**Supplied material**
◆ ◆ ◆
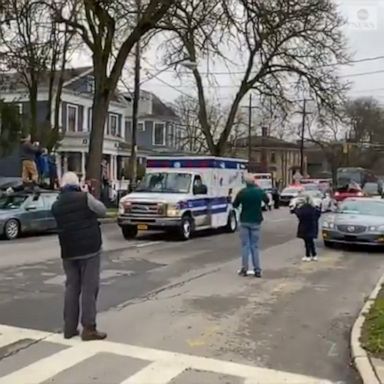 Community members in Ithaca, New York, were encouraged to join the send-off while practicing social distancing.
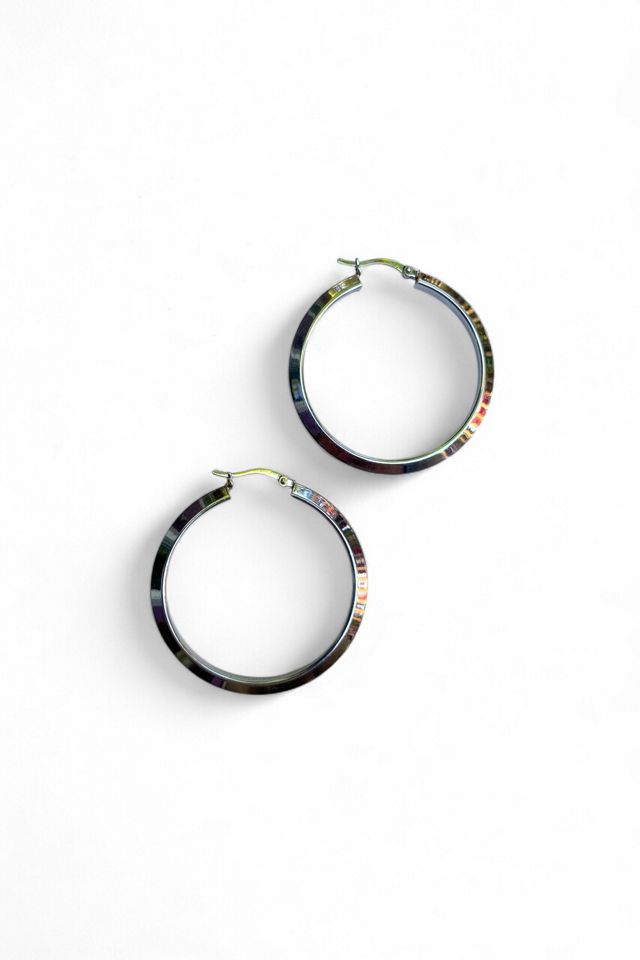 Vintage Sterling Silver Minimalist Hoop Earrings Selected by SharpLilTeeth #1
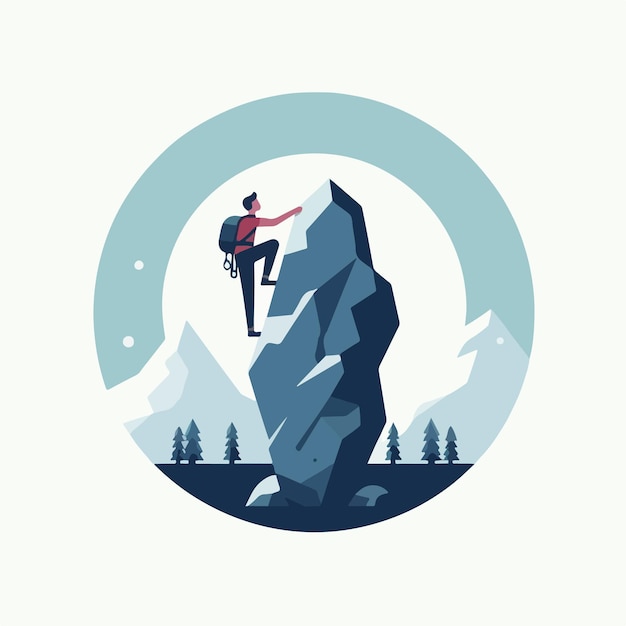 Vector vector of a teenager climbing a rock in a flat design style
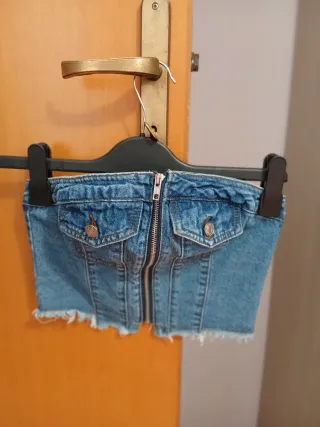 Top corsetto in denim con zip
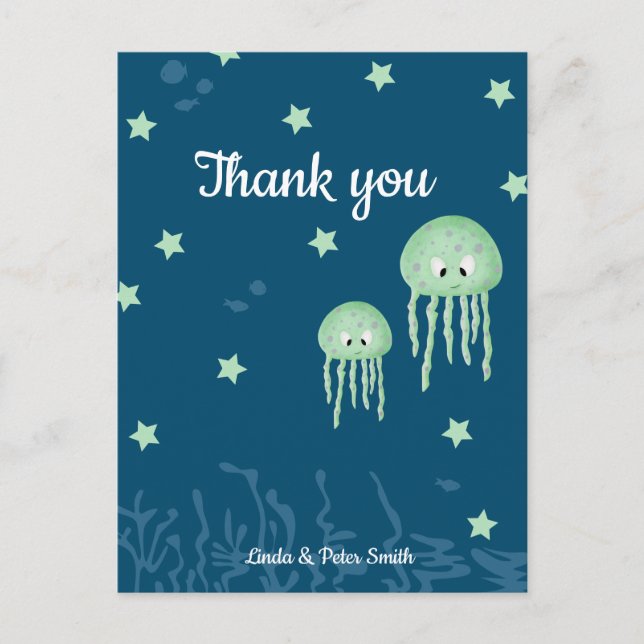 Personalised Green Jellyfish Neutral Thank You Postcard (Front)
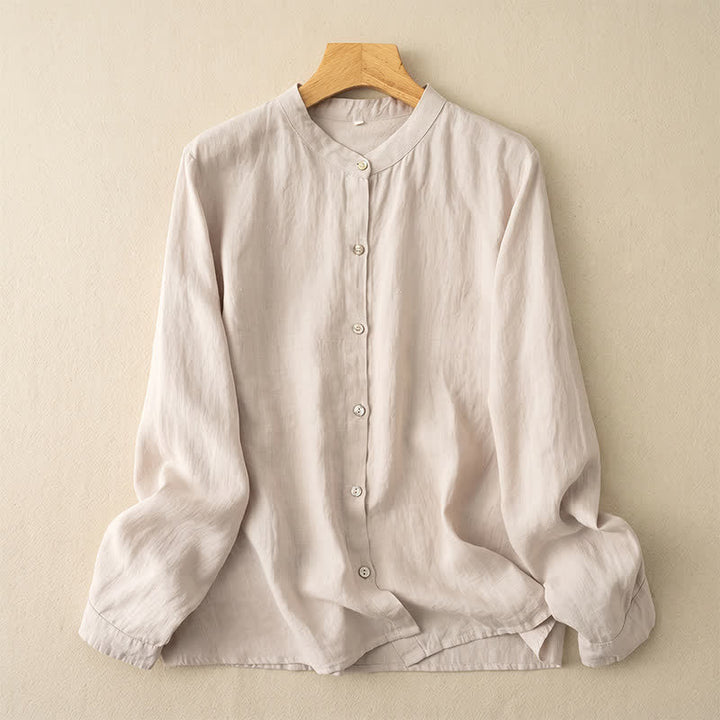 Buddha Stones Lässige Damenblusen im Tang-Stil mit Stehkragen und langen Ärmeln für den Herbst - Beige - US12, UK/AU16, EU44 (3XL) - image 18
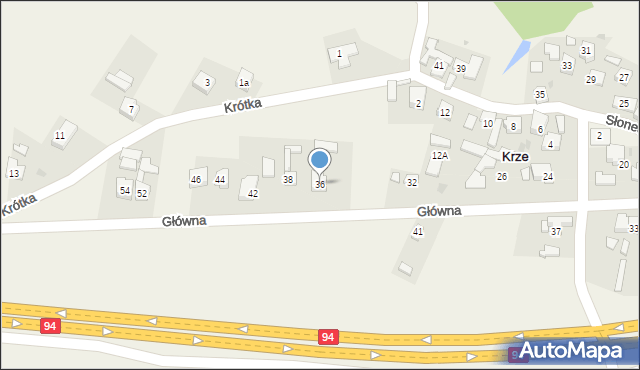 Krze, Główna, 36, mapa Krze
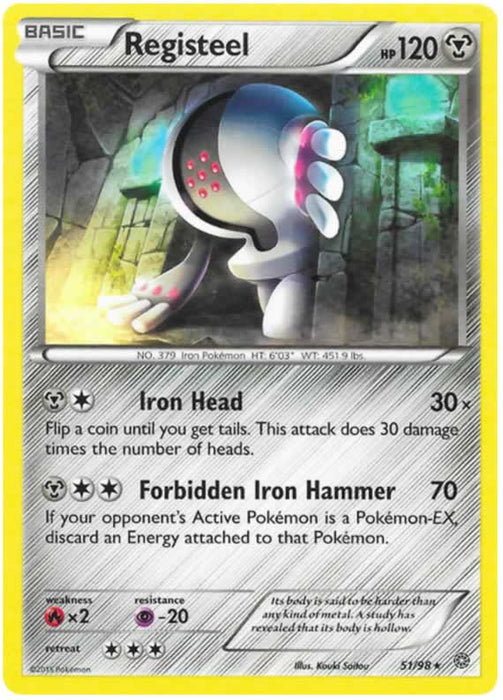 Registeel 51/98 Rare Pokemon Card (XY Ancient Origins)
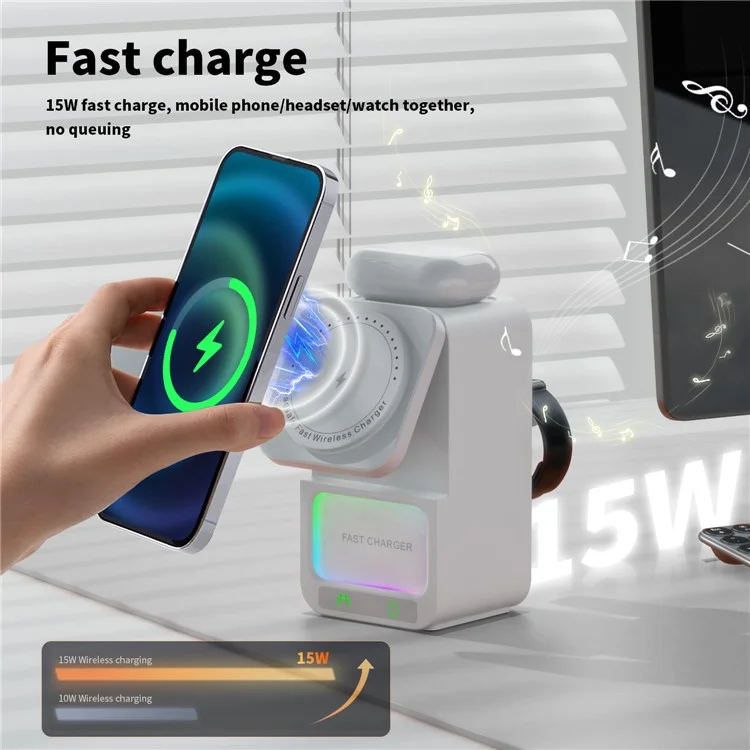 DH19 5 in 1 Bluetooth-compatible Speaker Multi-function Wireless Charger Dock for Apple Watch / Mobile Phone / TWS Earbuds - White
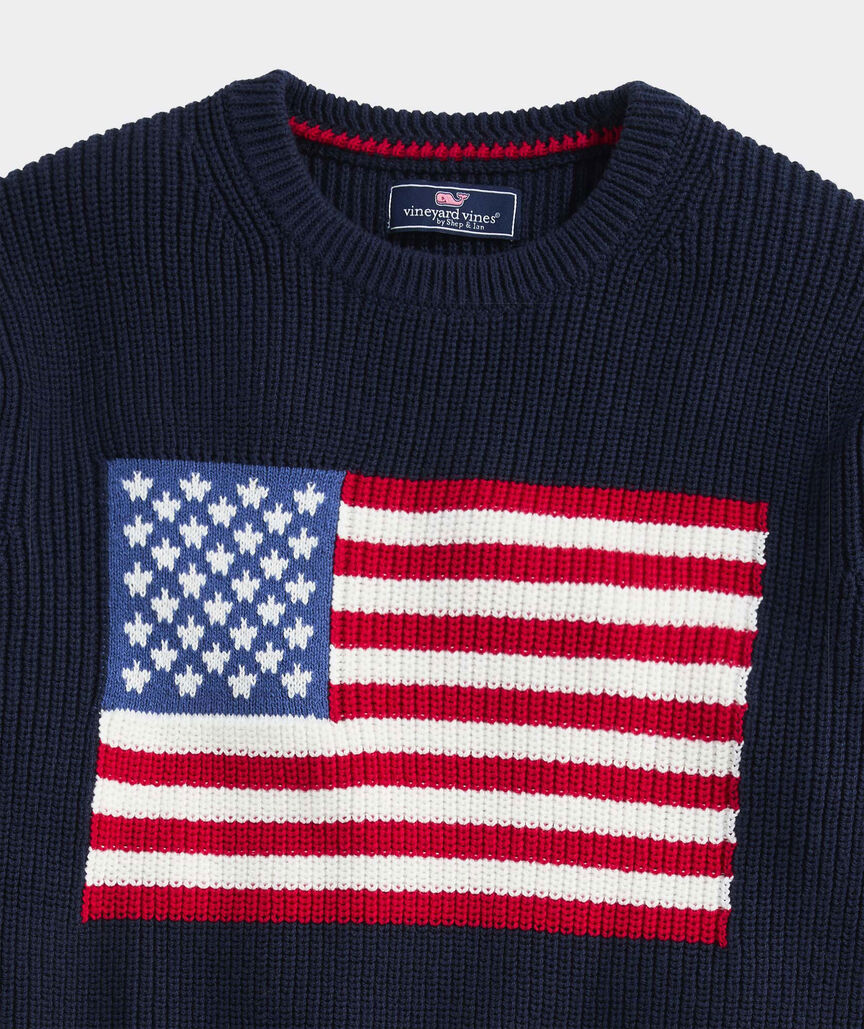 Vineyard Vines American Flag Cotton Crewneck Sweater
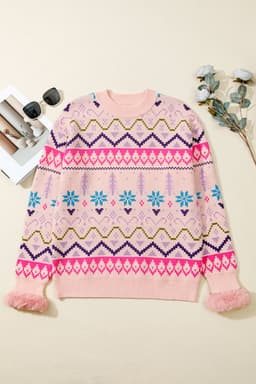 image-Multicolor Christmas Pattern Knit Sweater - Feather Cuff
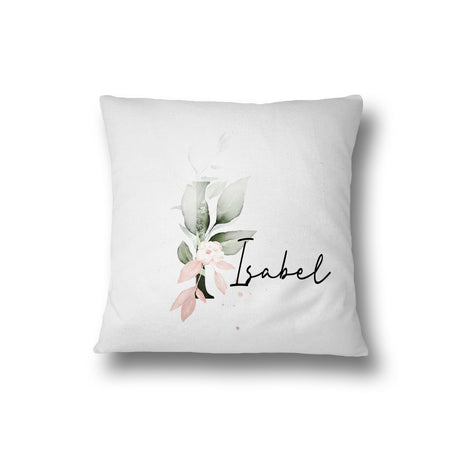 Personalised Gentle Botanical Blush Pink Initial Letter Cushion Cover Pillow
◆ ◆ ◆
**What to produce**
From the line containing "image-Multicolor Christmas Pattern" to the end of the data above, give those lines again verbatim, with both endpoints included and no images.

**Result below**
 image-Multicolor Christmas Pattern Knit Sweater - Feather Cuff
 Personalised Gentle Botanical Blush Pink Initial Letter Cushion Cover Pillow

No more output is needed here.